Task statement » Set down, exactly and only, everything from the line containing "brightly colored balloons" down to the line containing "Boucles D'oreilles Ailes" in the data below; the pictures are not part of the copy.

─── Working data ───

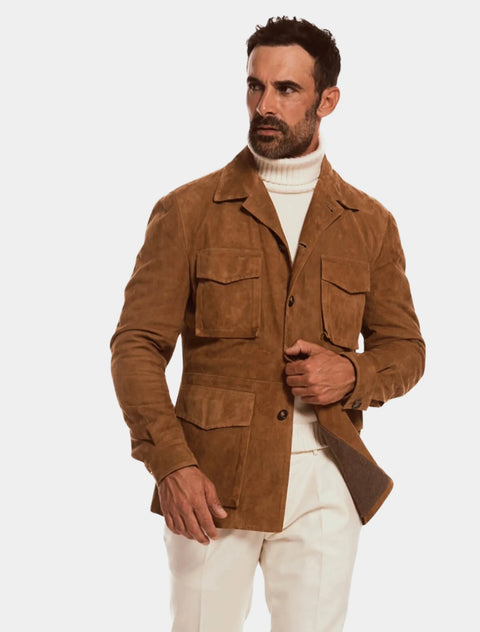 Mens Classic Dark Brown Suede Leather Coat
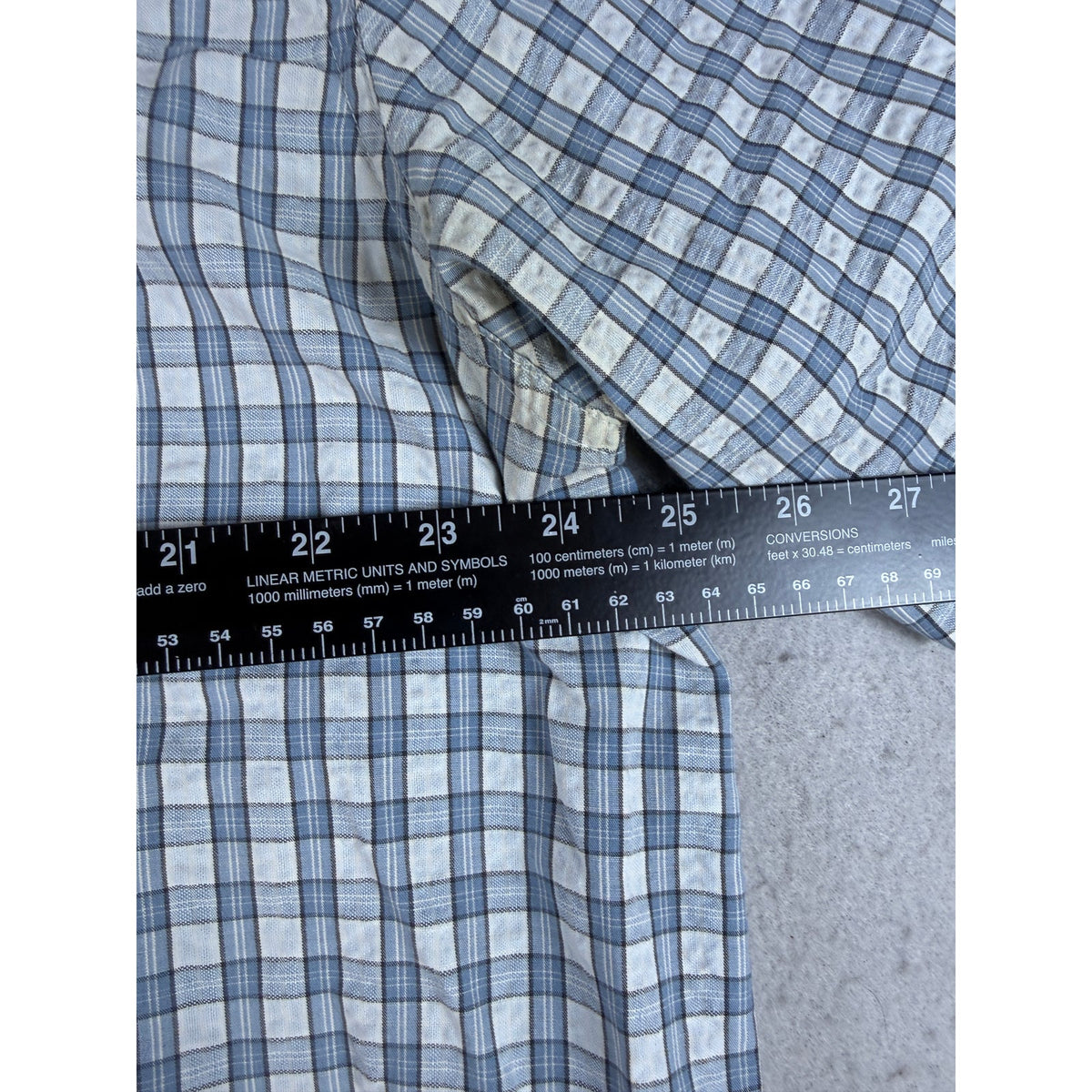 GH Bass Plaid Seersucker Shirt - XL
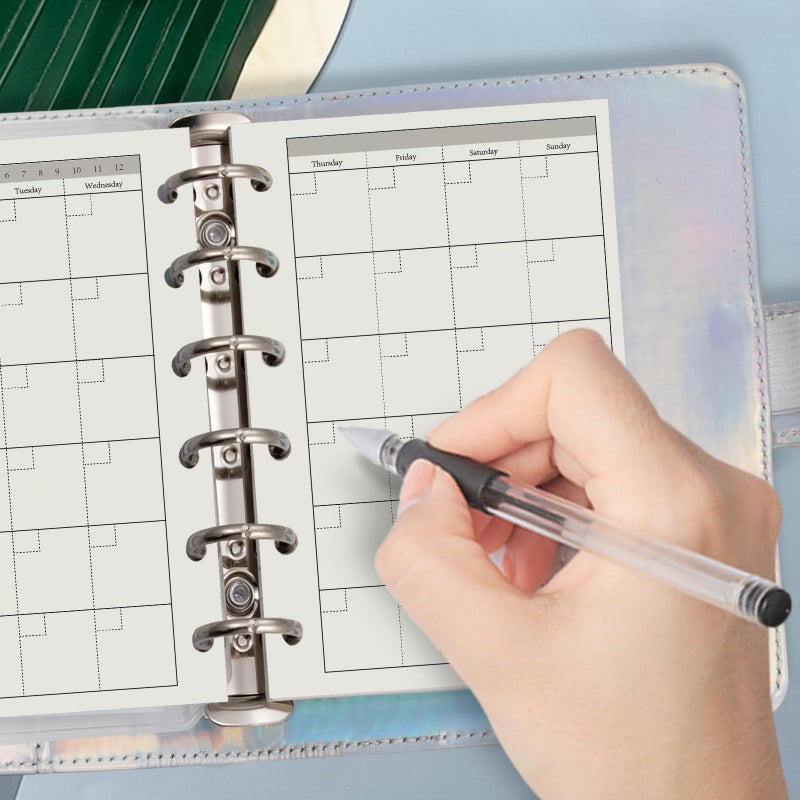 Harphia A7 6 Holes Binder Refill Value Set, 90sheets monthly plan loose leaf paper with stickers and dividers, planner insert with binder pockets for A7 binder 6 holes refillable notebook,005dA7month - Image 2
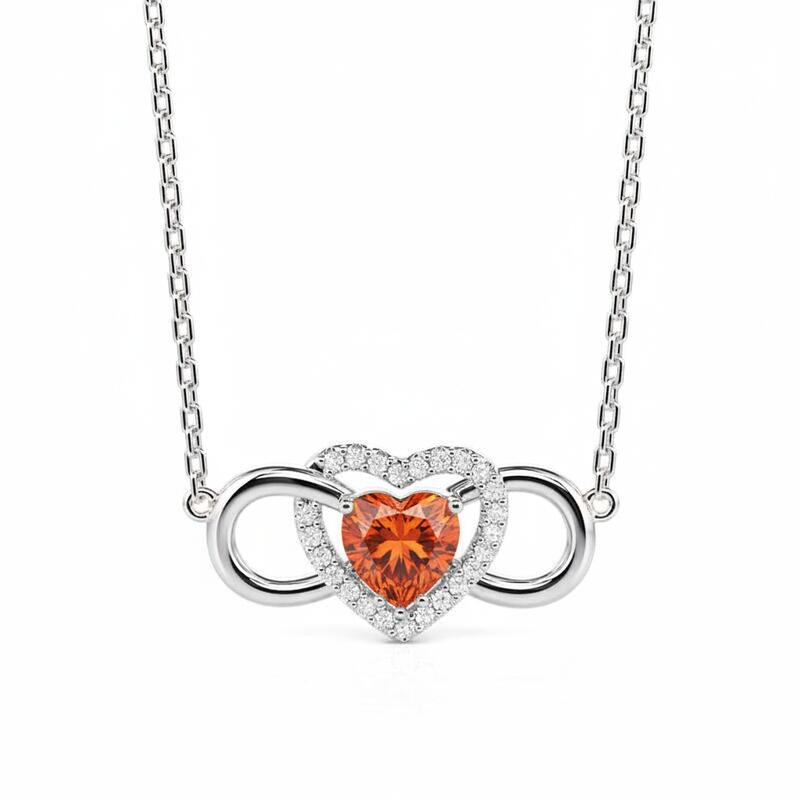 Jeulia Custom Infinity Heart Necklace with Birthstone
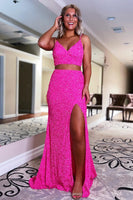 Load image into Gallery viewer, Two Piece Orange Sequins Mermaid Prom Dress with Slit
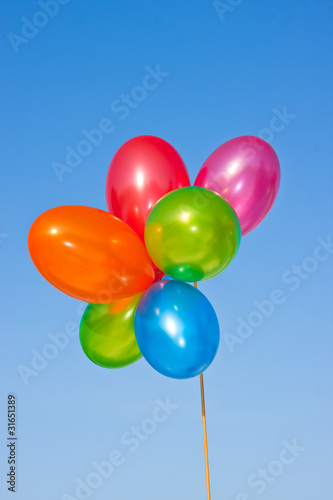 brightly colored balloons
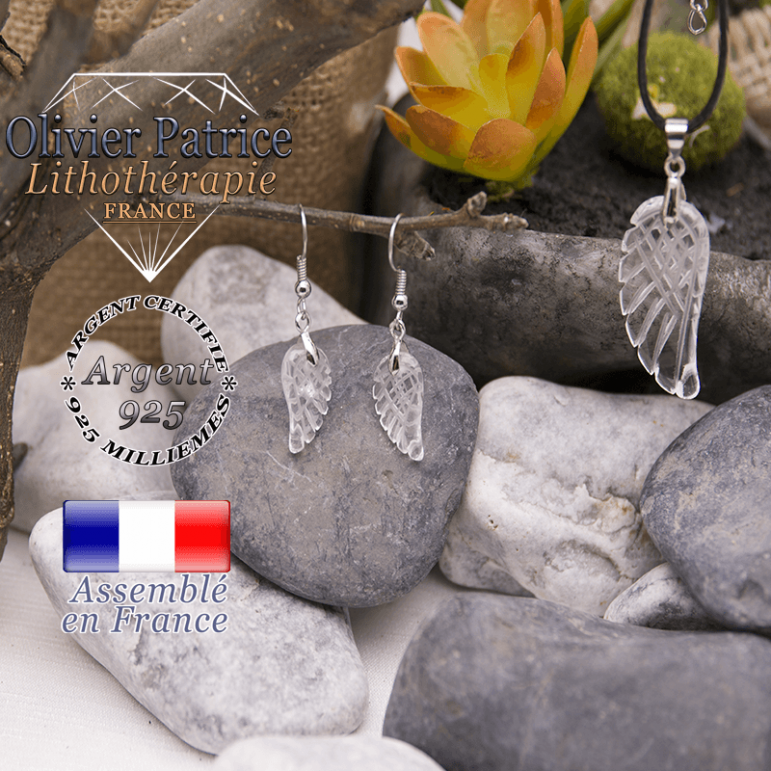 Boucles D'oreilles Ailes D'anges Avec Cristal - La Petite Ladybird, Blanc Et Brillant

───
─── Working data ───

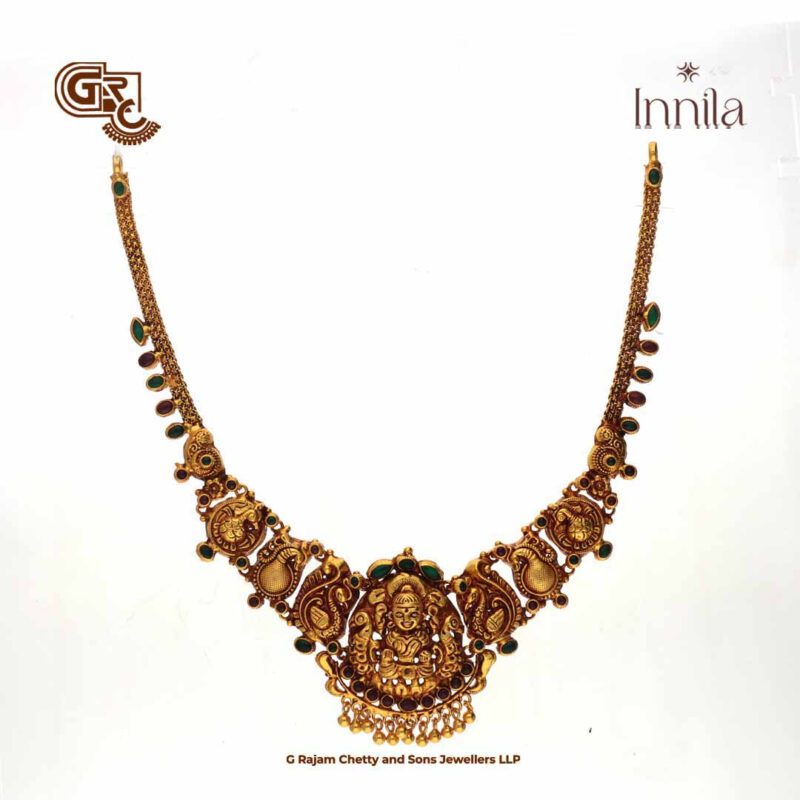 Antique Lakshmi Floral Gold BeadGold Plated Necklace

───
─── Working data ───

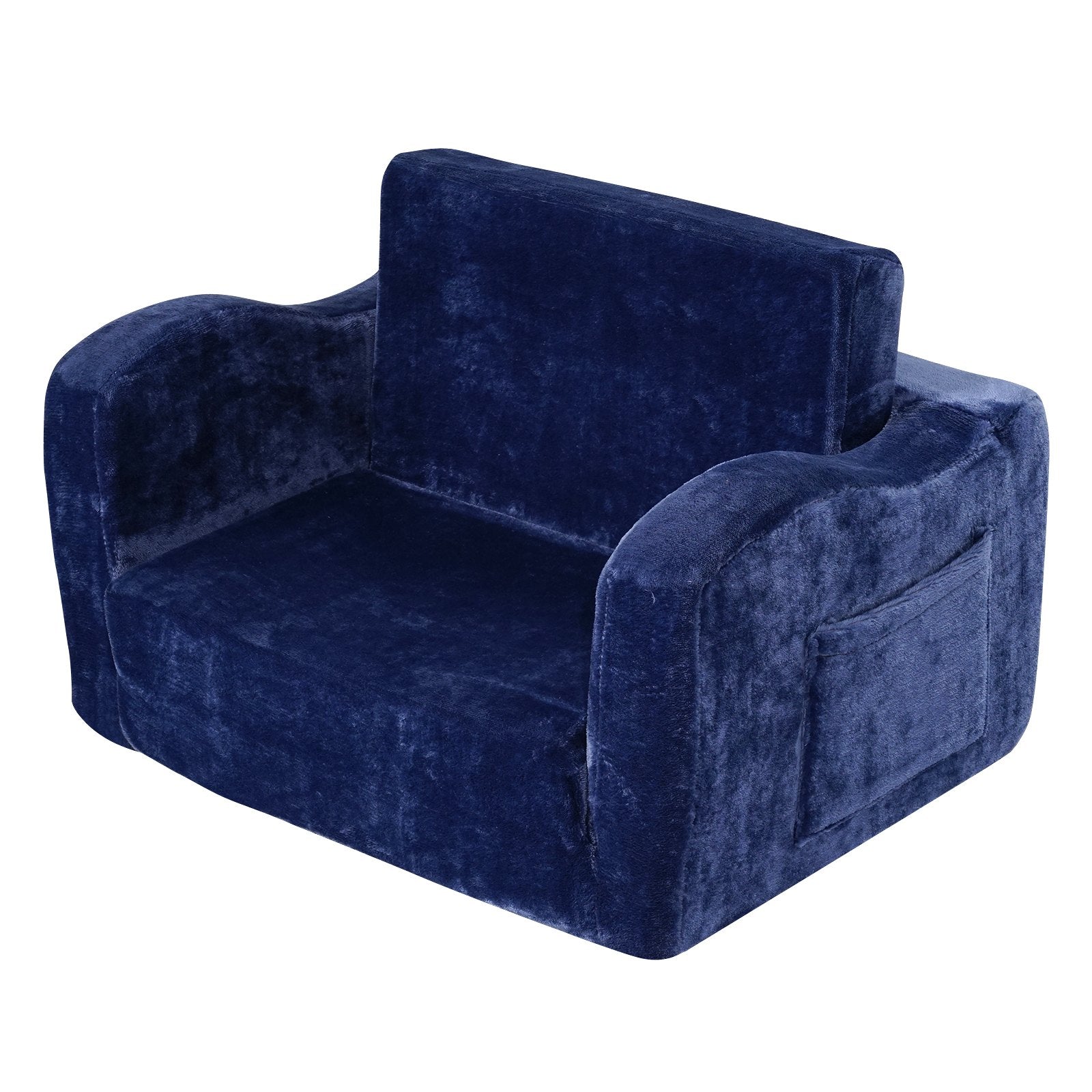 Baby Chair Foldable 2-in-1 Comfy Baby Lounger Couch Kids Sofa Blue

───

Reply to the task »
 brightly colored balloons
 Boucles D'oreilles Ailes D'anges Avec Cristal - La Petite Ladybird, Blanc Et Brillant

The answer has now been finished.